Drought Management Plan, 2005
This document aimed to develop an effective and integrated risk and disaster management system to
minimise the impacts of drought, by setting up a system for information management, implementing
and improving early warning systems, and establishing priority programmes for risk reduction. This was,
however, a discussion document released for public comment, which has not been updated.
 
Integrated National Forest Protection Strategy, 2015
This strategy looks at possible ways of safeguarding South Africa’s forests. Strategic goals include
educating communities about fire; ensuring efficient prevention and mitigation measures; improving
capacity development and cooperation with various stakeholders at regional and national level; ensuring
speedy rehabilitation and restoration of timber plantations; controlling and managing fire outbreaks
efficiently and effectively; and assessing the impact of fires and fire risks.
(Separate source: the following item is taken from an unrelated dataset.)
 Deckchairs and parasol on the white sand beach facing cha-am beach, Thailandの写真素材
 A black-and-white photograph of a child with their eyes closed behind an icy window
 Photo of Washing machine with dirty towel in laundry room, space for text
● Corporates should set aside budget and clarify decision-making processes so that they can respond
to distasters quickly and effectively.
● Most disaster relief funding goes towards attending to the immediate needs of those affected by
disasters. While this is essential, funders should consider the long-term impact of disasters. Funds can
be put aside for reconstruction and rehabilitation programmes following a disaster.
● Although efforts are made to deal with disasters once they have occurred, less emphasis is placed on
preventive strategies aimed at saving lives and protecting assets before they are lost. Programmes
that prevent or minimise damage, and therefore save costs, may be the best investment.